» **Data excerpt**:
------

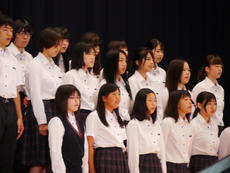 ２年１組 (2).JPG
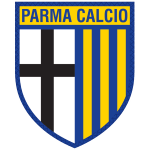ParmaWomen
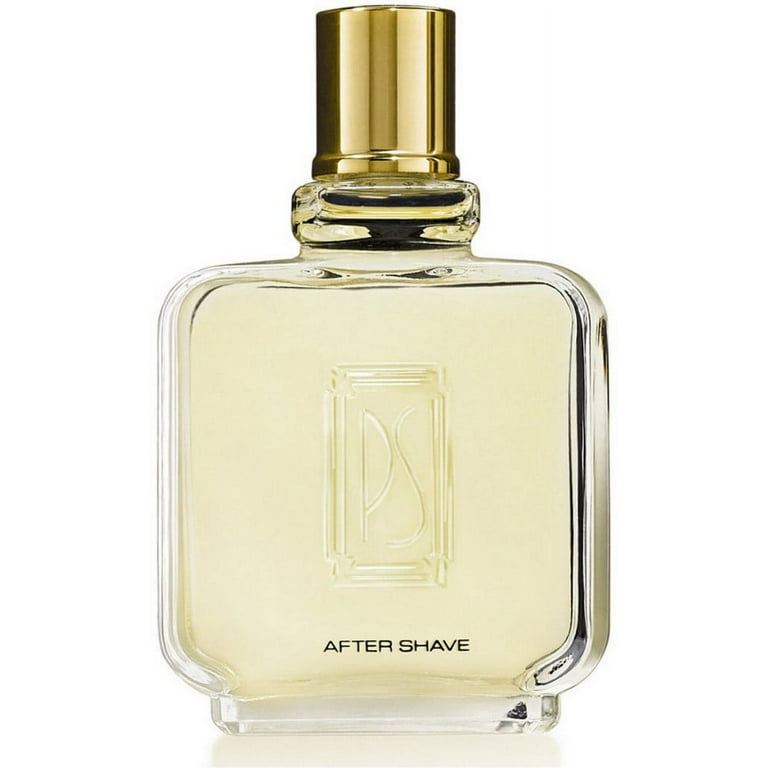 Paul Sebastian After Shave Lotion By Paul Sebastian - 4 oz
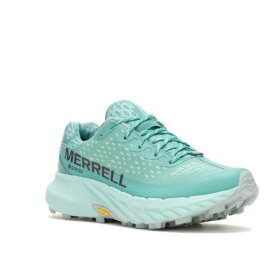 MERRELL - W AGILITY WEAK 5 GTX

------

» **Work request**:
Find the line that contains "Paul Sebastian After". Copy it and every line after it through the end of the listing exactly, but not the pictures.

» **Solution for this problem**:
 Paul Sebastian After Shave Lotion By Paul Sebastian - 4 oz
 MERRELL - W AGILITY WEAK 5 GTX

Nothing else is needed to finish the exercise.